Dai palazzi della politica non si allontana ancora nessuno. Matteo Salvini ha inviato un sms ai suoi col quale chiede di restare in zona, ma nemmeno Luigi Di Maio ha lasciato Roma, e ha spiegato di avere da sbrigare alcuni impegni istituzionali. 

Fatto sta che all’indomani del voto al Senato delle mozioni pro e contro la linea alta velocità Torino-Lione, la stabilità del governo è gravemente compromessa. Salvini vorrebbe andare al voto prima di subito, ma non ha ancora trovato il modo di far cadere il governo senza però che la colpa ricada su di lui. Sa bene che se per l’opinione pubblica sei responsabile della fine dell’esecutivo, i consensi calano.
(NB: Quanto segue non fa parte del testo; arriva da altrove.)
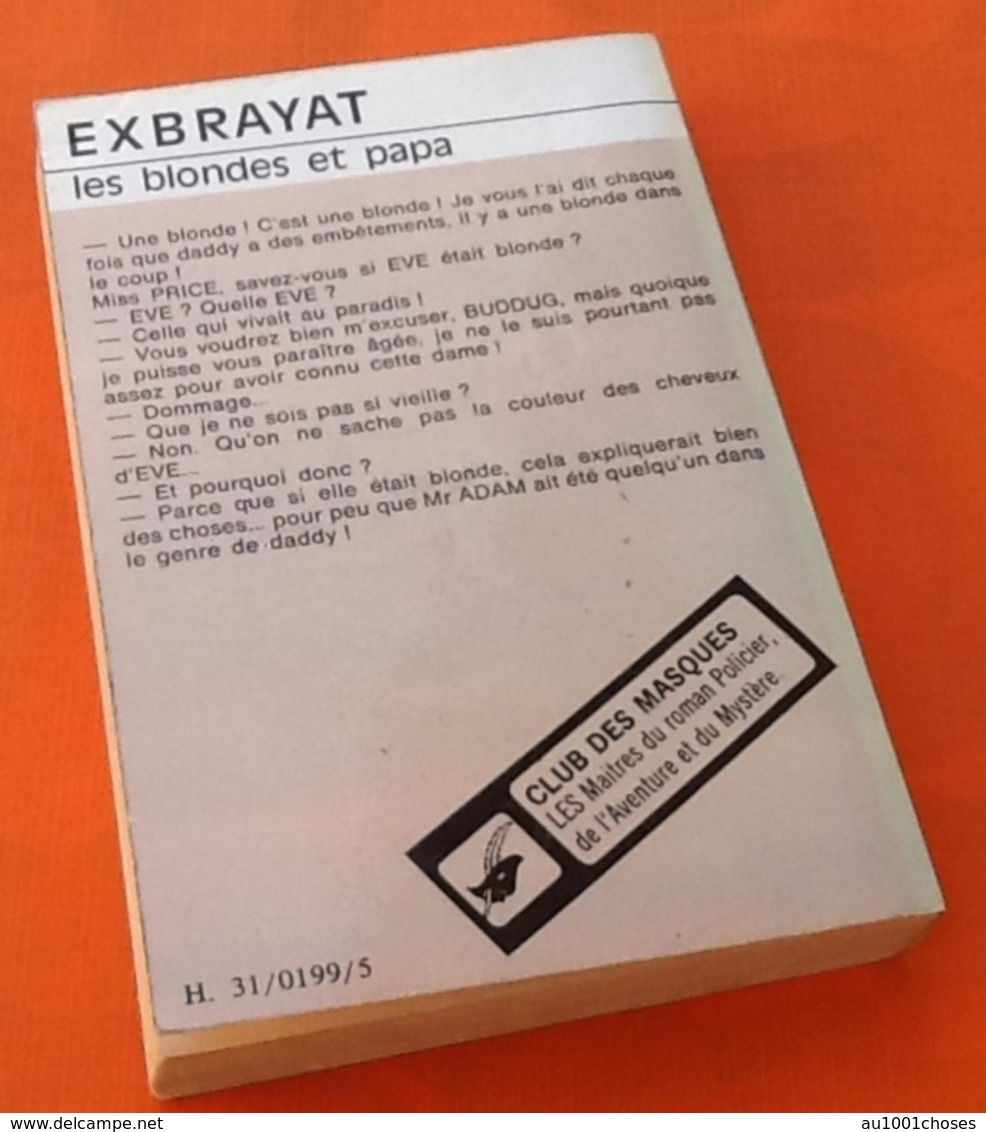 Exbrayat   Les Blondes Et Papa   N° 126  (1971)   Club Des Masques - Champs-Elysées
Il rimpasto di Salvini: via Toninelli, Costa e Trenta. Poi forse anche Grillo e Tria

Così ecco il nuovo tentativo del leader leghista che dall’alto del suo 38% degli ultimi sondaggi, questa volta chiede che vadano via 3 ministri 5 Stelle che non gli vanno a genio. Il primo della lista non poteva che essere Danilo Toninelli, che tra le tante colpe attribuitegli da Salvini, ha quella di opporsi alla realizzazione del Tav. 

Ma Toninelli non è l’unico ministro di cui Salvini vuole liberarsi. Nella lista ci ha messo anche il ministro dell’Ambiente Sergio Costa, che di recente ha fatto notizia per aver preso le difese dell’orso M49, braccato dalla forestale dopo che il presidente della provincia di Trento, il leghista Maurizio Fugatti, ha dato ordine di abbatterlo.
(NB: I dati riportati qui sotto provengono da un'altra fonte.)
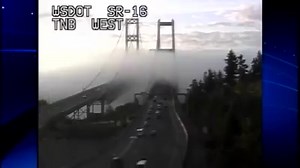 387 reactions · 151 shares | HAPPENING NOW: Fog over the Tacoma Narrows Bridge this morning! Did you see it? Follow our traffic series today: kiro.tv/TrafficTech | KIRO 7 News | Facebook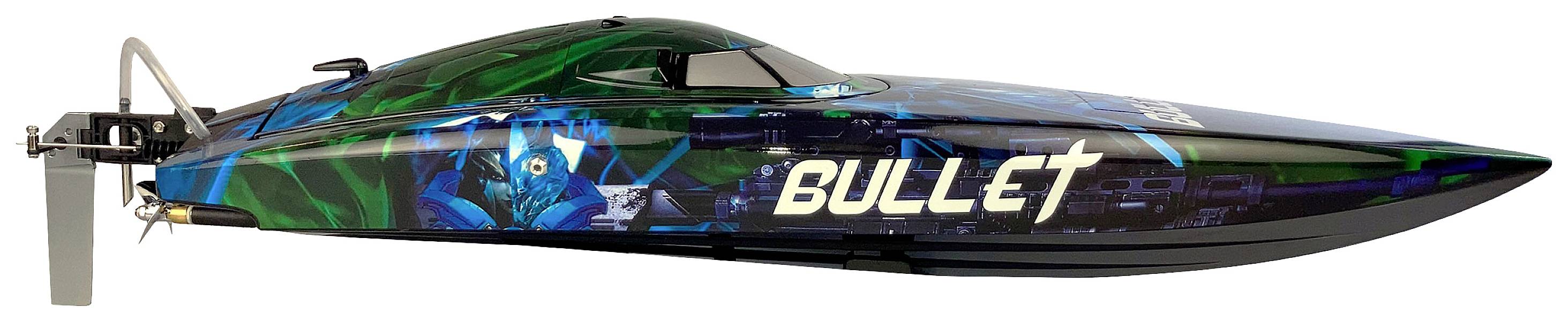 Amewi Bullet V4 RC model speedboat RtR 729 mm-1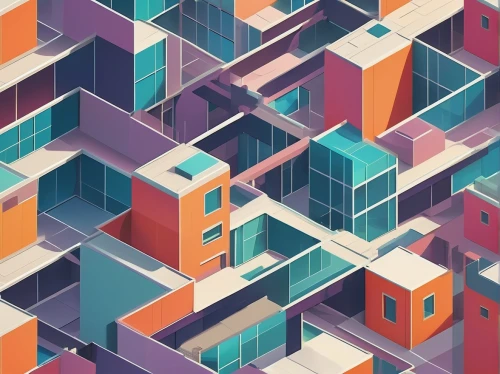 isometric,city blocks,colorful city,microdistrict,blocks of houses,apartment blocks,density,cubes,cubic,apartment block,tiles shapes,lowpoly,roofs,pink squares,abstract shapes,geometric shapes,apartment buildings,townships,geometric,suburbs,Illustration,Paper based,Paper Based 17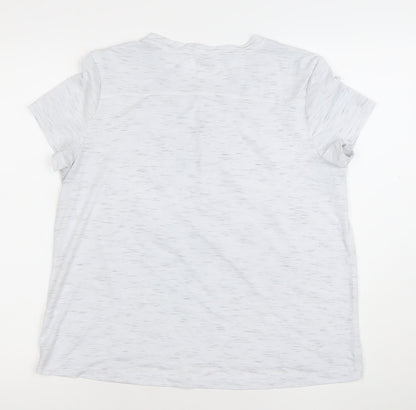 Womens UK Size M Avia White Gym & Training Running & Jogging Yoga T-Shirt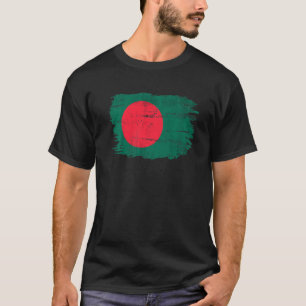 T-shirt Drapeau vintage Du Bangladesh
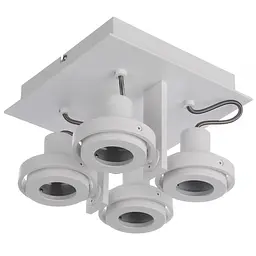 Підсвітка Brille накладна поворотна для офісу MS-07/4 GU10 SWH - мініатюра 7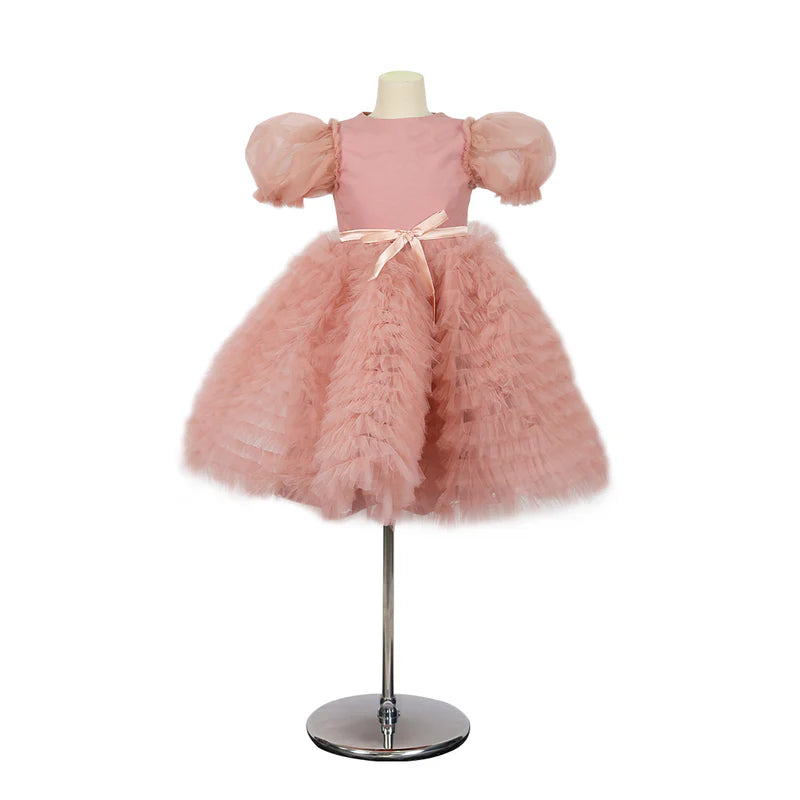Kate Dusty Rosa Kleid Kinderkleid für Fotografie - Kate Backdrop.de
Il terzo ministro che per Salvini deve andare via è Trenta alla Difesa. In seguito valuterà se sostituire anche il ministro Grillo alla Sanità, e il ministro Tria all’Economia, colpevole quest’ultimo di essere troppo accondiscendente con l’Europa. Il Movimento 5 Stelle ha accennato una timida reazione, provando a mettere sotto accusa il ministro della Lega Bussetti all’Istruzione, e il ministro all’Agricoltura Centinaio, che peraltro Salvini vorrebbe Commissario Ue.

Insomma alla fine quella richiesta di rimpasto di cui si parlava non più di un mese fa, che Salvini ribadiva di non volere, evidentemente adesso è arrivata senza neppure tanti giri di parole. Il leader della Lega a Conte ha detto chiaro e tondo quali sono i ministri che “non funzionano”.
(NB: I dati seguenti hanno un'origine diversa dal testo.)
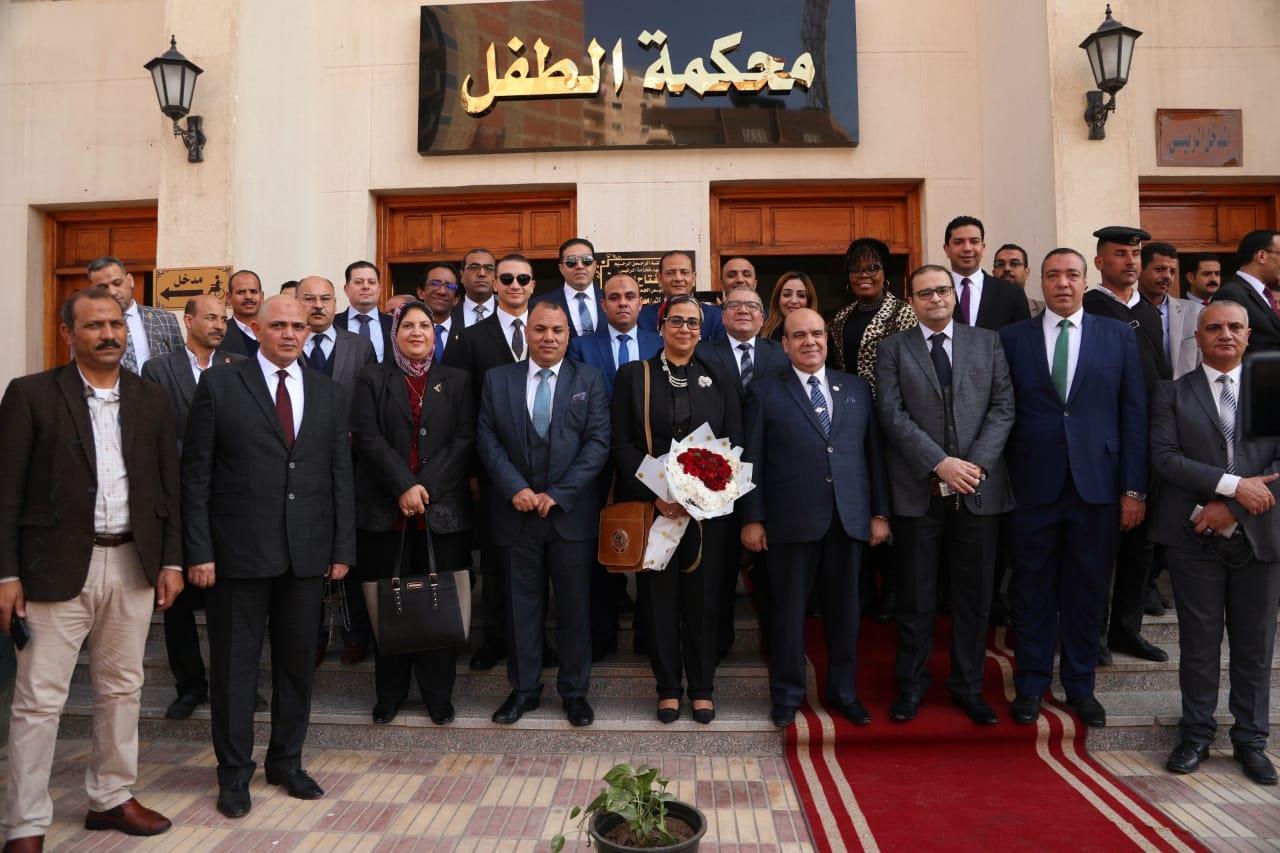 افتتاح محكمة الطفل بأبو تيج بمبنى ملحق محكمة أبو تيج بمحافظة أسيوط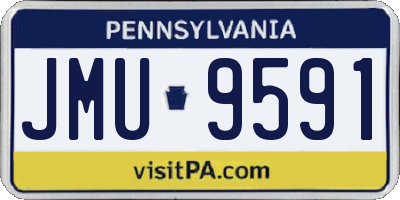 PA license plate JMU9591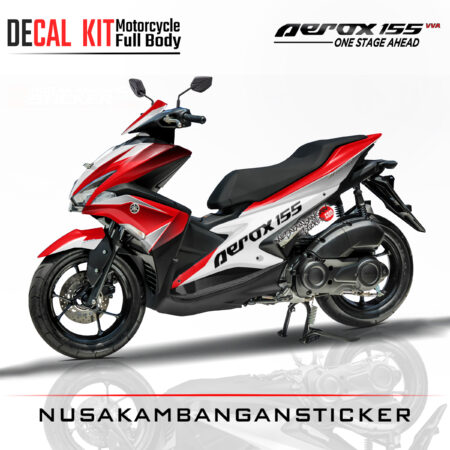 Decal Sticker Yamaha Aerox 155 Merah Graphic Stiker Full Body Nusakambangansticker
E le pretese di Salvini non finiscono qui, anzi le altre forse sono ancora più difficili da digerire per i 5 Stelle. La riforma della giustizia targata Bonafede non va bene, e nemmeno il salario minimo. Le intese autonomiste vanno fatte e anche subito. Inoltre la Lega vuole il via libera per trattare a Bruxelles battendo i pugni per spuntare margini di deficit più ampi.

E mentre Conte prende nota delle richieste avanzate dal vicepremier Salvini nella serata di ieri, i pentastellati cercano di trovare il modo di concedere il meno possibile all’avversario alleato di governo, senza però rischiare di finire al voto anticipato. Un ritorno alle urne in autunno non sarebbe da escludere infatti, ma ci sono alcuni elementi da considerare.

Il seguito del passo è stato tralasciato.